Concerning the starting point of the statutory period for which the government has the right to collect corporate income (withholding) tax, i.e., whether it is one day after the tax payment due date (May 11, 2005) or the date of the Supreme Court’s final decision (September 4, 2014), the Supreme Court viewed the former (May 11, 2005) as the starting point of the statutory period since the tax authorities could have exercised its tax collection right from that date.  This is true irrespective of the fact that it may have been difficult for the tax authorities to determine the BO before the previous decision of the Supreme Court was rendered.

Significance of the Decision

The Supreme Court’s decision represents a significant development in that it was the first time a Korean court upheld the legal principles that (i) application of the ESOL on the tax authority’s tax assessment right is limited only to the same type of tax; and (ii) statute of limitations on the tax authority’s tax assessment right shall not be applied mutatis mutandis or in an expansive manner to the rights of tax collection.  With this Supreme Court decision having clarified that provisions concerning the statute of limitations apply to disposition of tax collection, a ten-year SOLTC under the current NTBL, will apply to withholding taxes over KRW 500 million (Article 27 (1) (a) of the NTBL).

In this case, the tax authority argued that unlike in traditional tax assessment, type of tax is not a fundamental element in a withholding situation, and that there was no clear or specific precedent on the extent of re-disposition of tax collection because existing precedents on re-disposition pertained only to tax assessments (and not tax collection).

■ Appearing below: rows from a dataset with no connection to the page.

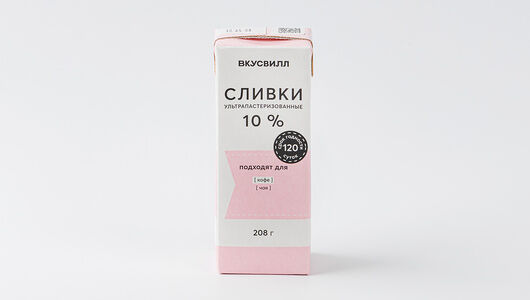 Сливки ультрапастеризованные 10%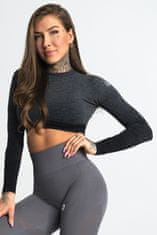 Gym Glamour Crop-Top Grey Ombre S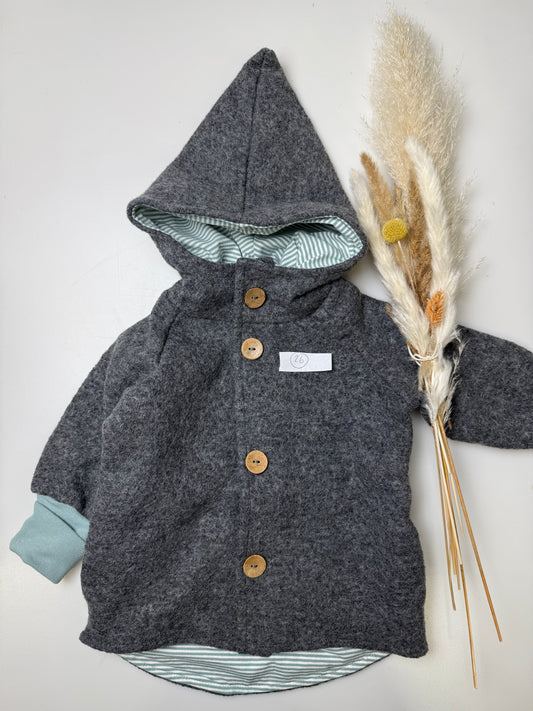 26 Wollwalk-Jacke - Stein (Mint-Ringel)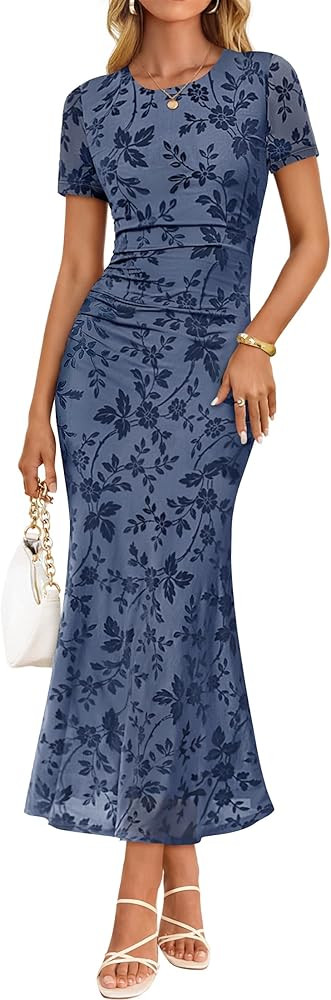 ZESICA Women's Summer Short Sleeve Floral Bodycon Dress 2026 Ruched Mesh Wedding Guest Cocktail P... | Amazon (US)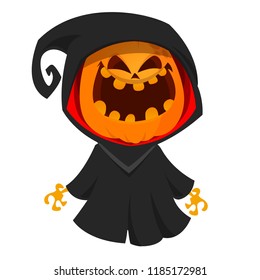 Grim reaper pumpkin cartoon Halloween character
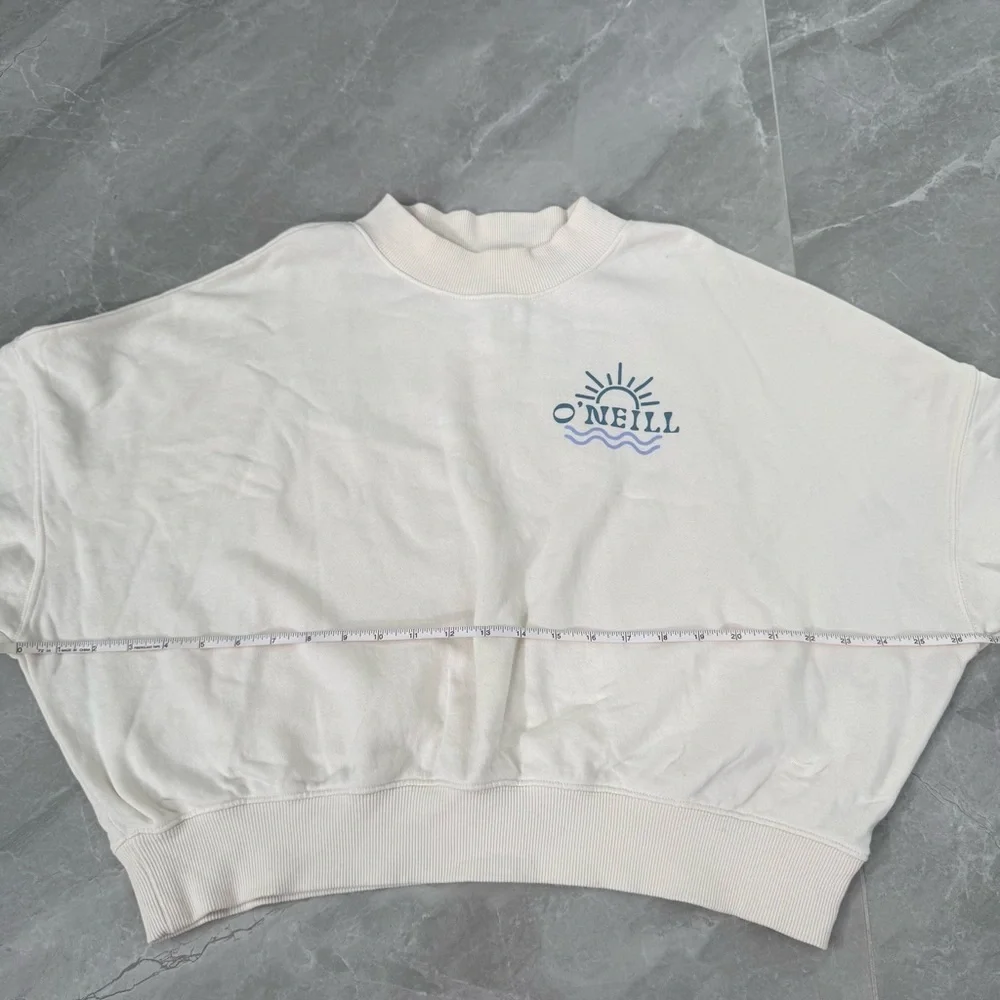 Women’s O'Neill Moment Crop Crew Neck Cropped Oversized Fleece Sweatshirt Medium - Picture 15 of 16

Kim & Chang demonstrated that since the tax authority’s rights of tax collection, unlike those of tax assessment, already implements a “tolling of SOLTC” system, there would be no need to apply the ESOL to tax assessment in an expansive manner.  We also argued that since the taxpayer, taxable period and type of tax are fundamental elements that comprise the unit of tax liability, there is no room to apply the ESOL where two cases involve different types of tax.

We successfully represented the Plaintiff in the first appeal to induce a decision of cancellation for the personal income (withholding) tax assessment in the amount of approximately KRW 43 billion, and also obtained in the second appeal the decision of cancellation of the Defendant’s assessment of KRW 180 billion in its entirety.  Both rulings by the Supreme Court are significant and may impact subsequent cases as they clarified that (i) the ESOL on tax assessment does not apply to a disposition of withholding tax collection and (ii) in legal relationship pertaining to withholding, type of tax serves as the fundamental element that comprises the unit of tax liability.